> _Instructions for the task_:
Within the records below, reproduce without change the lines from the line that has "Ivory Veldhari Kanchipuram" through the line that has "together at home", and only those.

> _Caption-style text data_:
++++++
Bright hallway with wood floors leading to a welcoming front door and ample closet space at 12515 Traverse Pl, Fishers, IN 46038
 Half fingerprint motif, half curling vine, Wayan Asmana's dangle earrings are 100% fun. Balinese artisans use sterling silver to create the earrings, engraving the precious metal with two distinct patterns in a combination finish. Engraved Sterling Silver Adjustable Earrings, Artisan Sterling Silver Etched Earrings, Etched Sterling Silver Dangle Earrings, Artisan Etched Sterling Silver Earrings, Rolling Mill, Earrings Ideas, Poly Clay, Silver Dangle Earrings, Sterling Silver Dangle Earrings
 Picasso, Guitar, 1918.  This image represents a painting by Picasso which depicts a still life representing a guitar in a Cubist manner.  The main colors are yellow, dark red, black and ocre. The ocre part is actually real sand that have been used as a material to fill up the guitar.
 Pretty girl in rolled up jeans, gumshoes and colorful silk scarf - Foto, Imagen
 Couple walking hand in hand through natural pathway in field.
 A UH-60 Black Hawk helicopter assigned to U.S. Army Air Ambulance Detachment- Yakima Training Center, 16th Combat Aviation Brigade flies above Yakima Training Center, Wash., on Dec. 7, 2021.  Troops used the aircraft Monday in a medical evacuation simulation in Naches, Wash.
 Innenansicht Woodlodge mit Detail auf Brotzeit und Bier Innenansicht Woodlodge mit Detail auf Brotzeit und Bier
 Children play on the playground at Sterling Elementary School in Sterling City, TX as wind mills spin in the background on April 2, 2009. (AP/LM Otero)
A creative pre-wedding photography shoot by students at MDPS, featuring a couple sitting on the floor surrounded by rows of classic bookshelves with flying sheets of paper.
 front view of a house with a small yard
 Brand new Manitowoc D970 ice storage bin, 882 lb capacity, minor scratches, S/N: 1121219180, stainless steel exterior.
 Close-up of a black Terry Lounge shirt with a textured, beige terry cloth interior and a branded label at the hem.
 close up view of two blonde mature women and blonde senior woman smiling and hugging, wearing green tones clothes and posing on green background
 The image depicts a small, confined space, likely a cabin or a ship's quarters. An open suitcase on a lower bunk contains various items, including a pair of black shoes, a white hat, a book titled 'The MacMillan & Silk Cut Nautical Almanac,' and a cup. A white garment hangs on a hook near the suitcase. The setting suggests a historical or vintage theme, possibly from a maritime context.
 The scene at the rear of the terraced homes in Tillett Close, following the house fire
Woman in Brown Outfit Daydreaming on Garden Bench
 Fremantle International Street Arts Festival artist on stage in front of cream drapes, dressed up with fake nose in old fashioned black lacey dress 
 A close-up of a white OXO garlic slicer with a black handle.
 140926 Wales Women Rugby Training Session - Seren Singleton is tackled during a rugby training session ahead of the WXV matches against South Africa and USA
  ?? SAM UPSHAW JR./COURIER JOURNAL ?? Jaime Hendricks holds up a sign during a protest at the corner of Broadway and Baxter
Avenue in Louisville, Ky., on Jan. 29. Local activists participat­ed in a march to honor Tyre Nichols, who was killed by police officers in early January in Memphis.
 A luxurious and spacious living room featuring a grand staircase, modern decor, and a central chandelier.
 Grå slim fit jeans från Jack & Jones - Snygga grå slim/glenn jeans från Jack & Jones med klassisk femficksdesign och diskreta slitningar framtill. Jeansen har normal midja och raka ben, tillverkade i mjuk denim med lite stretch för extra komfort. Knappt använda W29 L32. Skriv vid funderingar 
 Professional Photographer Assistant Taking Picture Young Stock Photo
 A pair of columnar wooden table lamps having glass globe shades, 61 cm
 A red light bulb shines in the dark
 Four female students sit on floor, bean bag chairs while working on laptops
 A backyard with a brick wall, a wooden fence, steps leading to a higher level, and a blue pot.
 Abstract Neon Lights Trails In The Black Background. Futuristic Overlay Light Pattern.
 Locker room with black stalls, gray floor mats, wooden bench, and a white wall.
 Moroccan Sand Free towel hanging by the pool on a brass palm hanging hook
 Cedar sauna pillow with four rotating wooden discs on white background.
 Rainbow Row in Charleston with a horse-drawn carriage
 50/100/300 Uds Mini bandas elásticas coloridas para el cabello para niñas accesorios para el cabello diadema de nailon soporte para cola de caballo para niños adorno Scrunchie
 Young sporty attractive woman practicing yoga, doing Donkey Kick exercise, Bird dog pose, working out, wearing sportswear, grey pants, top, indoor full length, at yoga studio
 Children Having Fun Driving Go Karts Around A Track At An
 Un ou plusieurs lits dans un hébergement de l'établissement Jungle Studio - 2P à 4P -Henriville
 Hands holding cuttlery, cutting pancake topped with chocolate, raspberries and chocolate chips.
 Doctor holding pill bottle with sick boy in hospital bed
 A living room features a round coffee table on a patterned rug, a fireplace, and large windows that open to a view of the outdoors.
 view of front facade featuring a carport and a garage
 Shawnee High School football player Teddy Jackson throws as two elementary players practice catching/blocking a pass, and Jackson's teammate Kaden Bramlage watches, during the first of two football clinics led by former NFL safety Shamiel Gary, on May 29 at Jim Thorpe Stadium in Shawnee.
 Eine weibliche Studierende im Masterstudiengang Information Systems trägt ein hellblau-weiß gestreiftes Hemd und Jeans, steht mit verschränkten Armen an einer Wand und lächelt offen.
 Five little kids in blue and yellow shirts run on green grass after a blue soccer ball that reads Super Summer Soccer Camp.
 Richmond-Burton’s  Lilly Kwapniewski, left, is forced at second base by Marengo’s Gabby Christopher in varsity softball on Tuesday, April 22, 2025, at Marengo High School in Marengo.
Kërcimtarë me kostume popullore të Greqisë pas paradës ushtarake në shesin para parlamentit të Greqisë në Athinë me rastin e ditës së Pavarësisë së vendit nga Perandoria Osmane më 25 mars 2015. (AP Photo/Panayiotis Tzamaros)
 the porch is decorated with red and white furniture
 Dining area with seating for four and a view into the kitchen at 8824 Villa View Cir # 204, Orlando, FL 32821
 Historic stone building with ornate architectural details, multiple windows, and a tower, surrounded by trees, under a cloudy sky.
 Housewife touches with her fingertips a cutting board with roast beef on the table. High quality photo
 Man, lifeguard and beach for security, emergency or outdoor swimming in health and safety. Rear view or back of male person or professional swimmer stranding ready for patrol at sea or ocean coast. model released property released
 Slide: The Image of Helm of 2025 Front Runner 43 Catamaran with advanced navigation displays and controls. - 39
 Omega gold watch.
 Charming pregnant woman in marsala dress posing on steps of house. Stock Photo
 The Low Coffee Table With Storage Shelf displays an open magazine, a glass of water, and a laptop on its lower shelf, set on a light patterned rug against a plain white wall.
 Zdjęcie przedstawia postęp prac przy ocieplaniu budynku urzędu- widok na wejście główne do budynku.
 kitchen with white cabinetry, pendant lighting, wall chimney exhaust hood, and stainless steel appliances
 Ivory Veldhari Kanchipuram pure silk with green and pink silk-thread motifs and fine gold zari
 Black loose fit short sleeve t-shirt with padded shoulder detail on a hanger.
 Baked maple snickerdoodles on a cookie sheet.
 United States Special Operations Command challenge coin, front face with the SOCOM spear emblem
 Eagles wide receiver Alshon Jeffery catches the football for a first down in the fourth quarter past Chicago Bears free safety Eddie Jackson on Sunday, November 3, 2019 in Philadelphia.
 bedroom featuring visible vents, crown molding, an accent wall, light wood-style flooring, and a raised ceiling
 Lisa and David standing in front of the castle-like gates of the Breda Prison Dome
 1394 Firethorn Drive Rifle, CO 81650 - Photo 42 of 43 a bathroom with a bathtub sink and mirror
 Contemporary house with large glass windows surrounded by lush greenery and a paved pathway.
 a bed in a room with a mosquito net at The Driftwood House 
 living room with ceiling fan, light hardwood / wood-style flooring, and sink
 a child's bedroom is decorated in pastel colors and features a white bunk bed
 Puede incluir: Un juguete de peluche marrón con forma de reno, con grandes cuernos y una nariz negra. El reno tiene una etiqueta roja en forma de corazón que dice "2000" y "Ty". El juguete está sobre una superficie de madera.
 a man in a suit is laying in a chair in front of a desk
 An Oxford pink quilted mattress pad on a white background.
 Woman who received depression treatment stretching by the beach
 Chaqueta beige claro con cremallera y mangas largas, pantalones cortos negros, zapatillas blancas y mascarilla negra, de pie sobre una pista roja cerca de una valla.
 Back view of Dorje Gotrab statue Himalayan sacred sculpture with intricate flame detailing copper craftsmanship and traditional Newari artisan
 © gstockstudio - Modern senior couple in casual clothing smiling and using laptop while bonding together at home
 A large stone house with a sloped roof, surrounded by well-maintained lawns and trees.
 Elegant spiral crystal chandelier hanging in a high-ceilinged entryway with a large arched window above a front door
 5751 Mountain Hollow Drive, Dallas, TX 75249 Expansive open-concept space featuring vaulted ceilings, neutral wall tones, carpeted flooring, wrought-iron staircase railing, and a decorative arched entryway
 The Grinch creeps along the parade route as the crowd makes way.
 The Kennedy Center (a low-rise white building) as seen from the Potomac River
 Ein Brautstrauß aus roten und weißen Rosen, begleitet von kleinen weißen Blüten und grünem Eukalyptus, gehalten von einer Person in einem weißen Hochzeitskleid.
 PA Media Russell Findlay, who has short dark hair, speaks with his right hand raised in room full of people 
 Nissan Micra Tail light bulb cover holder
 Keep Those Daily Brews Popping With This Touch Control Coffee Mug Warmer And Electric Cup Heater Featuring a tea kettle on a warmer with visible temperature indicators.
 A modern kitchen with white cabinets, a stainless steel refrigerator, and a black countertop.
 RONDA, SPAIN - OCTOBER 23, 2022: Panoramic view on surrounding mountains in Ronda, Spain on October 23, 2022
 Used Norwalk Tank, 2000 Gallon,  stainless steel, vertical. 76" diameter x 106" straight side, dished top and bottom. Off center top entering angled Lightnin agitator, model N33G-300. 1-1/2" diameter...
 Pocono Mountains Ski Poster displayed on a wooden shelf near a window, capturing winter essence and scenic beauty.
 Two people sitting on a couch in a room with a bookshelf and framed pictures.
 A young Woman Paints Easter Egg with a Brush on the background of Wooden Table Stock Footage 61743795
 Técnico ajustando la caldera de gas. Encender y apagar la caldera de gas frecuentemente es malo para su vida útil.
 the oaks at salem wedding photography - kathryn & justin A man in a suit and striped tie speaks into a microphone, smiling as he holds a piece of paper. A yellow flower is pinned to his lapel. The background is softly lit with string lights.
++++++
> _Answer box_:
 Ivory Veldhari Kanchipuram pure silk with green and pink silk-thread motifs and fine gold zari
 Black loose fit short sleeve t-shirt with padded shoulder detail on a hanger.
 Baked maple snickerdoodles on a cookie sheet.
 United States Special Operations Command challenge coin, front face with the SOCOM spear emblem
 Eagles wide receiver Alshon Jeffery catches the football for a first down in the fourth quarter past Chicago Bears free safety Eddie Jackson on Sunday, November 3, 2019 in Philadelphia.
 bedroom featuring visible vents, crown molding, an accent wall, light wood-style flooring, and a raised ceiling
 Lisa and David standing in front of the castle-like gates of the Breda Prison Dome
 1394 Firethorn Drive Rifle, CO 81650 - Photo 42 of 43 a bathroom with a bathtub sink and mirror
 Contemporary house with large glass windows surrounded by lush greenery and a paved pathway.
 a bed in a room with a mosquito net at The Driftwood House 
 living room with ceiling fan, light hardwood / wood-style flooring, and sink
 a child's bedroom is decorated in pastel colors and features a white bunk bed
 Puede incluir: Un juguete de peluche marrón con forma de reno, con grandes cuernos y una nariz negra. El reno tiene una etiqueta roja en forma de corazón que dice "2000" y "Ty". El juguete está sobre una superficie de madera.
 a man in a suit is laying in a chair in front of a desk
 An Oxford pink quilted mattress pad on a white background.
 Woman who received depression treatment stretching by the beach
 Chaqueta beige claro con cremallera y mangas largas, pantalones cortos negros, zapatillas blancas y mascarilla negra, de pie sobre una pista roja cerca de una valla.
 Back view of Dorje Gotrab statue Himalayan sacred sculpture with intricate flame detailing copper craftsmanship and traditional Newari artisan
 © gstockstudio - Modern senior couple in casual clothing smiling and using laptop while bonding together at home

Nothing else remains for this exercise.